One Indigenous Rapper Is Breaking a World Record for So Much More Than Bragging Rights

Impact

MC RedCloud is setting a world record.

On Nov. 29, the Los Angeles-based hip-hop artist will take the stage at the Airliner performance venue in Lincoln Heights and improvise more than 17 hours of freestyle rhymes — the most in recorded history.

But there's a twist. In the 17th hour, RedCloud, who is a descendant of Mexico's Huichol people, will pay tribute to each of Canada's 1,200 missing or murdered indigenous women by name. It's a powerful statement about one of the unrecognized tragedies of the modern era.

Since the mid-1980s, more than 1,200 First Nations women have gone missing or been killed in Canada. The Globe and Mail reports this happens at a rate three to four times greater than that of the general population (indigenous women represent 4% of Canadians but 12% and 16% of missing and slain women, respectively).

Various risk factors are involved, including disproportionate rates of poverty, domestic violence and substance abuse, and a history of land theft and killing that persists in the form of socioeconomic devastation today.

"I've always wanted to break the record, but do it for something bigger than myself," RedCloud told Mic. "This issue is so deep in Indian Country.

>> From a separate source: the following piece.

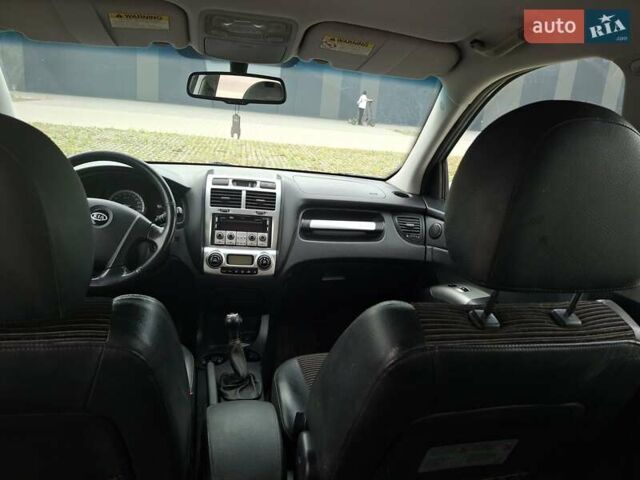 Серый Киа Sportage, объемом двигателя 2 л и пробегом 295 тыс. км за 8500 $, фото 21 на Automoto.ua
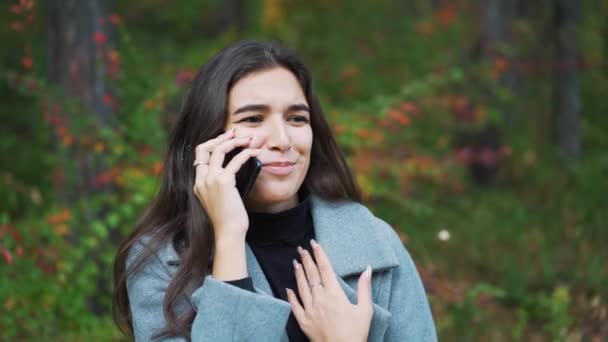 Woman talking on a mobile cell phone at park close up - Felvétel, videó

If I can freestyle about [these women] and get media involved, it could get the whole thing amplified."

The show will double as a fundraiser, too. Under the banner of Indigenous Angels — a quarterly L.A. performance series where indigenous artists and musicians assemble to draw attention to Native issues — proceeds will be raised to benefit the Stolen Sisters Awareness Movement, an Edmonton, Alberta-based organization dedicated to increasing awareness about the missing and murdered women.

RedCloud adds that Stolen Sisters is not only providing him with the women's names, it's also sponsoring key work in Canada, like dragging the bottoms of rivers for bodies — a task he says law enforcement gives up on too quickly.

"[The organization] also helps get the legal backing to reopen cases that have gone cold," he said.

But why is it taking place in Los Angeles? Two reasons: One, L.A. boasts the second-largest urban Native American population in the U.S. (after New York City), and RedCloud's social justice work relies on a broad network of like-minded supporters.

Yet perhaps more importantly, expressing solidarity across international boundaries is its own form of rebellion, a rebuke of the white colonial borders imposed on Native peoples since Europeans first invaded.

Tri Vo/Mic

"We're keeping it borderless," RedCloud said. "We don't honor any of them. If we can walk there, we should be able to be there ... I don't see [people as] Mexican or Canadian or Salvadoran — I see Anishinaabe, I see Zapotec ... It's a movement of solidarity with all indigenous peoples."

RedCloud's performance comes at an especially fraught time for relations between indigenous people and their national governments. Canadian Prime Minister Stephen Harper recently provoked ire when he insisted on addressing the missing and slain women as a "crime" issue rather than a sociological phenomenon; in other words, ignoring that this problem specifically affects indigenous women.

"We have different goals than these governments," RedCloud says. "They want wealth and power. Our priority is our land, taking care of our people. So it's hard to be on the same page as the government, and I don't trust them."

Meanwhile, indigenous women continue to disappear and lose their lives. Hopefully RedCloud's efforts provide a valuable step toward more lasting solutions.